|Large native area in the back of the Mount Pleasant Village Hall 2014|
For several years I have been concerned about the plight of the honey bees, hive collapse, and the disappearance of Monarch butterflies in the Midwest. The media mentions these problems from time to time and I’ve done quite a bit of research on these topics, to see how I can help. Now as a master gardener volunteering at the Mount Pleasant Village Hall, I hope I can help the pollinators a little bit. Native plants and other flowers which the butterflies and hummingbirds like have been planted in the gardens and rain gardens around the property. But what about the bats? They are considered as pollinators too.
Yes they are creepy, and as I child I had two run-ins with them, but I’ll spare you the details. Bats are having problems too. My neighbor has a bat house in her yard for years, it looks interesting but I never really considered using one myself. Now I’ve rethought the problem, maybe we can help them a little at Mount Pleasant.
|Here is the Bat House, just purchased, before installation. 12" x 18" x 5".|
When shopping at the local garden center there was one for sale under $50. So I proposed the purchase and installation to Logan Martin who coordinates with me and the Master Gardener program. He said “yes,” and today the bat house was installed! I have accomplished another step in my goal to help pollinators.
So what’s the big deal? Bat houses should be placed on buildings or poles a minimum of 15 feet above the ground. How would I get a tall enough ladder over there, to nail one up? This is where Logan helped. He arranged for me to meet with Bob at the Dept. of Public Works; we decided where it would go; and he arranged for a truck with a cherry picker and an able person to hang it for us.
Ideally, a bat house should face the Southeast, it needs to be up high, and have plenty of open space for the bats to approach the box. They need to be in a sunny spot where the temperatures inside reach 80-100 degrees!
|The rear of the salt shed has an eastern face, the house will be installed on the SE corner|
This morning, May 28, I met Peter Shilling behind the Mount Pleasant salt shed, we discussed a few things before he climbed into the cherry picker. Then up he went with some tools and the house, it was secured into place with long wood screws so that high winds would not knock it down, the sun can warm up the box, and now it’s ready for occupancy.

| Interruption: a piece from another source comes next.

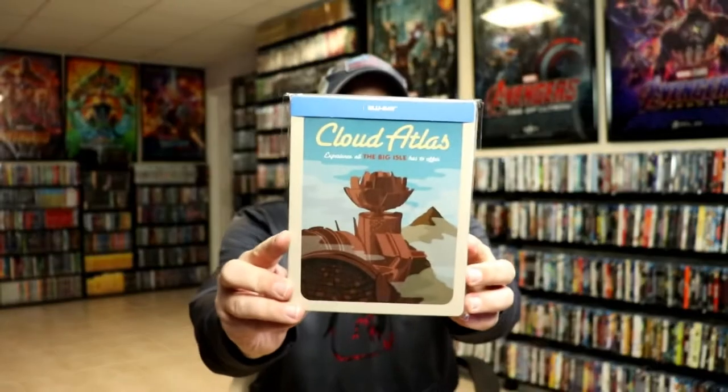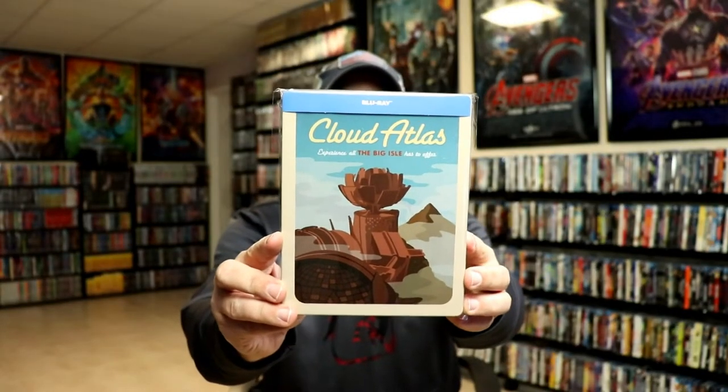So overall, it's a really nice looking steelbook. I've gone ahead and placed this steelbook inside this protective bag. This bag will help keep the steelbook from getting scuffed up on the shelf up against the other steelbooks. I do have an affiliate link down below if you'd like to check out where I purchase these bags off of Amazon. So overall, I'm really happy with this steelbook. I really do like the artwork of it.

|Peter Shilling installing the bat house, slightly above 15 feet from ground level|
|Thank you Peter, for helping to install the box. The open bottom and side ventilation holes can be seen.|
To me, the location seems perfect. The box is placed up high enough, in a spot near water, the little retention pond should offer a lovely view as well as plenty of bugs. It is on the back side of the municipal salt shed, so it is away from where most people would be walking to and from the village buildings. Will some nice bat family find our cozy hotel and move in? From my research, I find it is possible that it could take a year or two until that happens. For now we wait. The red carpet is out.